[Exercise data Boundary: Start]

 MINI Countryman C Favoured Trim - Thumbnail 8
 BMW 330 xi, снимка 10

[Exercise data Boundary: End]
[Exercise data Boundary: Start]

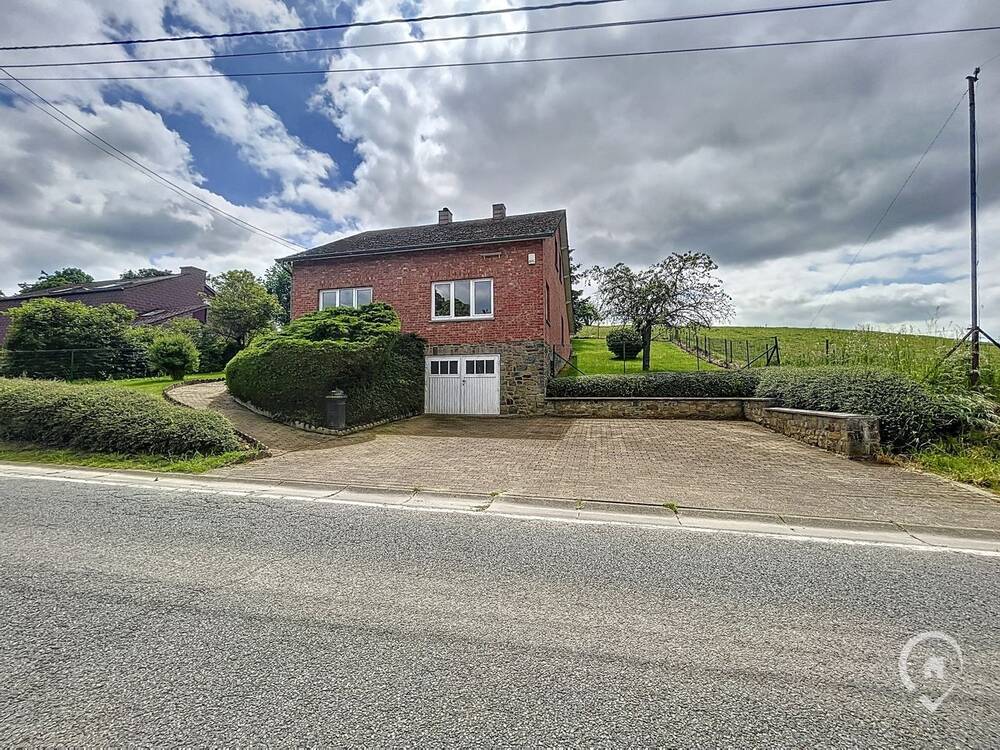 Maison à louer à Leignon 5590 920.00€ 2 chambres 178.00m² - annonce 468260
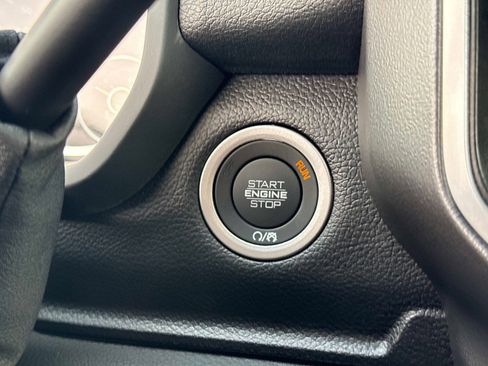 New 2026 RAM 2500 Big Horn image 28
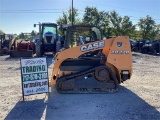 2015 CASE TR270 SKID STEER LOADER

[Exercise data Boundary: End]

*Assigned task*
Extract from the material above the stretch running from the line containing "New 2026 RAM 2500 Big Horn image 28" through the line containing "2015 CASE TR270 SKID STEER LOADER". Keep the text exact and the pictures out.

*Result of the exercise*
 New 2026 RAM 2500 Big Horn image 28
 2015 CASE TR270 SKID STEER LOADER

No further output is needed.